Let $$V(x) = \begin{cases} V_0 \left(\frac{x^2}{a^2}-1 \right), & \text{for } |x|≤a \\ 0, & \text{for } |x|>a \end{cases}$$

Suppose $\psi$ is an odd eigenfunction with eigenvalue $E \in (-V_0, \ 0)$.

Then $$\psi(x)= \begin{cases} \left(\sum_{k=0}^{\infty}c_k d^k x^k\right) e^{-\frac{d^2x^2}{2}}, & \text{for } |x|≤a \\ \psi(x) = C e^{-\sqrt{\frac{-2mE}{\hbar^2}}x}, & \text{for }x>a \end{cases}$$

where, $$\frac{a_{k+2}}{a_k}=\frac{2k+1-\epsilon}{(k+2)(k+1)} $$

$$d= \left(\frac{2mV_0}{\hbar^2a^2}\right)^{\frac{1}{4}}, \ \epsilon = \sqrt{\frac{2m}{V_0}} \frac{a(V_0+E)}{\hbar}.$$

Now I want to show that $\exists E \in (-V_0, \ 0)$ such that $\psi(a-) =\psi(a+)$ and $\psi'(a-) =\psi'(a+)$.

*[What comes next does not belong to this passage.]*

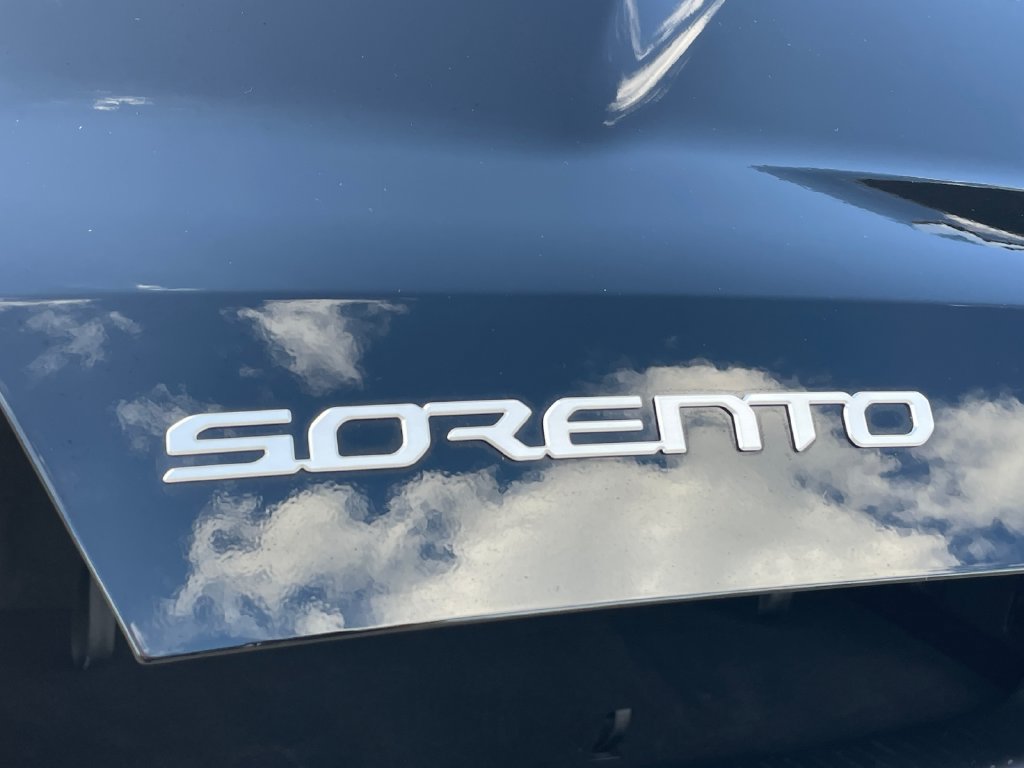 Certified 2023 Kia Sorento X-Line EX AWD/4WD image 17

Above is equal to showing that $\exists E \in (-V_0, \ 0)$ such that $\frac{\sum c_k d^k a^k}{\sum kc_k d^k a^{k-1}-c_k d^{k+2}a^{k+1}}=-\sqrt{\frac{\hbar^2}{-2mE}}$.

How should I proceed? Any hints or reference are appreciated. Thank you.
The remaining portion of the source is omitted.